Calma, a gente explica melhor. Na prática, a PEC 33/11 concede algumas decisões, pertinentes ao STF, ao crivo do Congresso. Mas, depois da aprovação na CCJ, o tema ainda seria avaliado por uma comissão especial, que teve sua criação suspensa pelo presidente da Câmara, Henrique Eduardo Alves (PMDB-RN). Mas, se aprovada pela comissão, a votação segue para dois turnos no plenário e, em seguida, vai para o Senado.

Joaquim Barbosa, presidente do STF, afirmou que a PEC fragiliza a democracia, se aprovada. De acordo com ele, a existência da separação dos Poderes faz parte de uma série de mecanismo para que um Poder neutraliza abusos dos outros.

Joaquim Barbosa - Presidente do STF.

Já o ministro do STF, Marco Aurélio Mello, disse que a PEC é uma realiação do Congresso às ações recentes do Supremo. Ele se refere ao julgamento do mensalão, onde parlamentares foram condenados a perder seu mandato, gerando polêmica entre Legislativo e Judiciário.

O presidente da Câmara afirmou que a PEC pode desestruturar a harmonia entre os dois poderes, pois cada um deve ocupar seus espaços, de acordo com a norma constitucional.

Segundo o presidente interino do STF, Ricardo Lewandowski, não há crise, os dois poderes estão ativos e funcionando, sem problemas.

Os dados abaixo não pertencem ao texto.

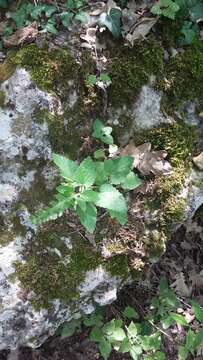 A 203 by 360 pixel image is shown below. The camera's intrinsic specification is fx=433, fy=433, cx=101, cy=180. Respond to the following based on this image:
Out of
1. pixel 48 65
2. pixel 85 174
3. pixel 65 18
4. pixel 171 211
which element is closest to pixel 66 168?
pixel 85 174

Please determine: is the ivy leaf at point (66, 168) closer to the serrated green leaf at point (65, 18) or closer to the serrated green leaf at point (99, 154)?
the serrated green leaf at point (99, 154)

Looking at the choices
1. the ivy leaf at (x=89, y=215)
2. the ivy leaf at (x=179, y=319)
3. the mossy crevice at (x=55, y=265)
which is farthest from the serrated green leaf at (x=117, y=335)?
the ivy leaf at (x=89, y=215)

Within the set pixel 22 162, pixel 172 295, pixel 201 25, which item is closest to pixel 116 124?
pixel 22 162

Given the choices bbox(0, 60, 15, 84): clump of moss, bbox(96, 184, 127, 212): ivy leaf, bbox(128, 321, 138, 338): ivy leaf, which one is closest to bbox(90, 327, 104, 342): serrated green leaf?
bbox(128, 321, 138, 338): ivy leaf

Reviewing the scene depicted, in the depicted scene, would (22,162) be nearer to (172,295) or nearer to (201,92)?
(201,92)

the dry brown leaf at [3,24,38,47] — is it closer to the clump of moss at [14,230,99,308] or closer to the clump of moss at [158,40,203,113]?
the clump of moss at [158,40,203,113]

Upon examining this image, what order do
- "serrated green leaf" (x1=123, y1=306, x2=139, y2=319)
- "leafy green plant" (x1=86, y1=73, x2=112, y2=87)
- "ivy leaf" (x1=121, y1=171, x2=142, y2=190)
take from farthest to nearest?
1. "serrated green leaf" (x1=123, y1=306, x2=139, y2=319)
2. "leafy green plant" (x1=86, y1=73, x2=112, y2=87)
3. "ivy leaf" (x1=121, y1=171, x2=142, y2=190)

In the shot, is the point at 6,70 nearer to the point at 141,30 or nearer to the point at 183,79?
the point at 141,30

Mesmo assim, o ministro do STF, Dias Toffoli, concedeu um prazo de 72 horas para a Câmara dos Deputados se manifestar sobre a PEC. Ele é o relator do mandado de segurança que pede a suspensão da emenda.

Dias Toffoli - Ministro do STF.

A proposta da PEC é do deputado Nazareno Fonteles (PT-PI) e visa que o Congresso aprove as chamadas súmulas vinculantes do STF, um mecanismo que determina que as ações da Corte sejam seguidas pelas outras instâncias, além da inconstitucionalidade de emendas à Constituição.

Nazareno Fonteles - autor da PEC 33.

A Mesa Diretora da Câmara e a Comissão de Constituição e Justiça da casa devem se manifestar num prazo de 72h, que será contado a partir do momento que a Câmara receber o despacho de Toffoli, o que, por enquanto, não aconteceu.

Teremos que aguardar as próximas notícias para saber o desfecho dessa história. Fiquem ligados! Vamos dar continuidade no assunto, até a sua resolução! Bom estudo, galera!